Il mercoledì 13 settembre 1871, l’avvocato e giornalista Henri Brisson e 47 co-firmatari (Schoelcher, Scheurer-Kestner, Louis Blanc, E. Quinet, Gambetta ...) presentarono la proposta di legge n° 651 «allo scopo di concedere l'amnistia ai condannati o perseguitati per crimini e reati politici commessi sia a Parigi che nei dipartimenti, da un anno». Lo stesso giorno, la loro proposta venne presenta in seduta pubblica e Brisson ne chiese l'urgenza, ma venne respinta (Journal officiel, pagina 3442 e 3443). Dopo diversi mesi, la commissione parlamentare incaricata di esaminarla ritenne che i 21610 non luoghi a procedere e le 203 assoluzioni erano equivalenti all'amnistia richiesta.

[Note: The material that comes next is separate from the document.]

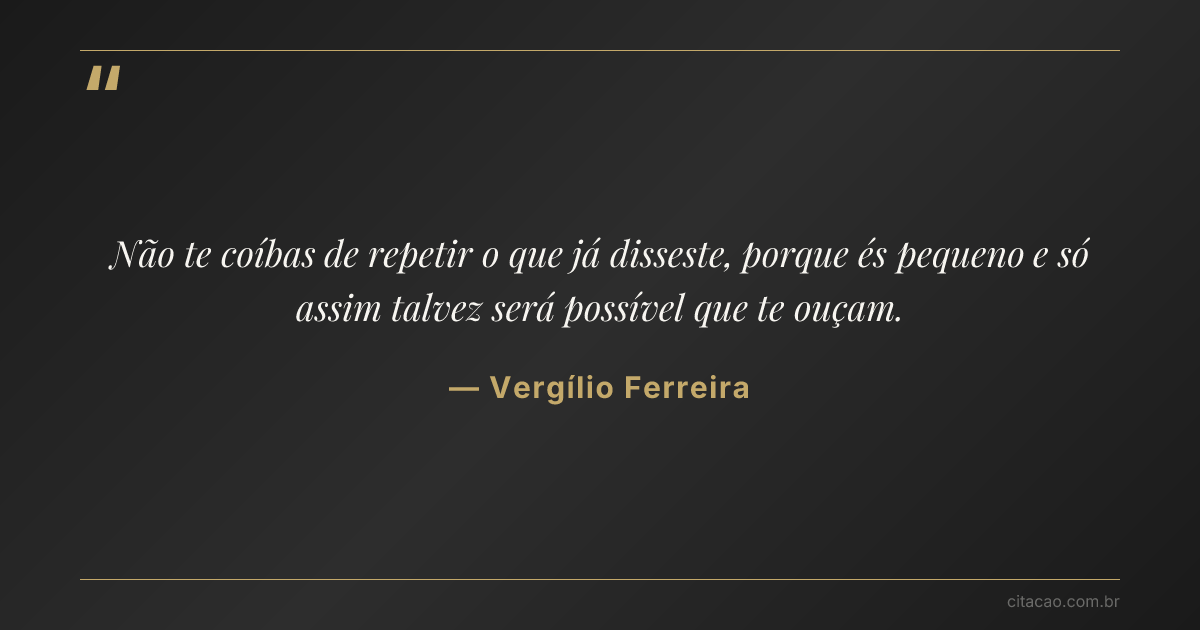 Citação de Vergílio Ferreira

Il 19 dicembre 1871, Edmond Dehault de Pressensé, membro dell’Assemblea nazionale, e molti dei suoi colleghi presentarono una proposta di legge, la n° 730, riguardante l’amnistia «per le persone perseguite o condannate a seguito dell'insurrezione del 18 marzo 1871, che non hanno superato il grado di sottufficiale e che non sono accusati di alcun crimine di diritto comune o di alcun fatto determinato nella suddetta insurrezione». Si rivolgeva principalmente alle guardie nazionali e richiese la loro liberazione. Mercoledì 31 gennaio 1872, Louis Jacques La Caze, membro dell’Assemblea nazionale, a nome dell'8ª commissione di iniziativa parlamentare, presentò una relazione riassuntiva, la n° 868, che concludeva con la presa in considerazione della proposta di legge (Journal officiel, 1 febbraio 1872, pagina 721).
Il 16 luglio 1872, il deputato Dupayre, relatore, presentò all'Ufficio di presidenza dell'Assemblea nazionale un rapporto, il n° 1318 sulla proposta di de Pressensé e di alcuni suoi colleghi (quella del 19 dicembre 1871) sulle misure da prendere nei confronti di varie categorie di persone perseguite o condannate a seguito della rivolta del 18 marzo, e sulla proposta di amnistia presentata da Henri Brisson e 47 dei suoi colleghi, una proposta convertita dai suoi autori (quella del 13 settembre 1871) come emendamento alla proposta dell'onorevole de Pressensé. La commissione concluse che entrambe le proposte dovevano essere respinte. In seguito alla richiesta di una dichiarazione di urgenza presentata da Louis Blanc, iniziò un dibattito in seduta pubblica sulla questione se il momento della clemenza fosse arrivato. Adolphe Thiers, Presidente della Repubblica, rispose: "Quando la giustizia ha svolto il suo lavoro, ed è quasi completato, solo quel giorno è da prendere in considerazione la richiesta sollevata ... ma quel giorno non è ancora arrivato, la giustizia non ha ancora finito". La richiesta di dichiarazione d'urgenza di Louis Blanc è respinta (Journal Officiel, 17 luglio 1872, pagina 4867).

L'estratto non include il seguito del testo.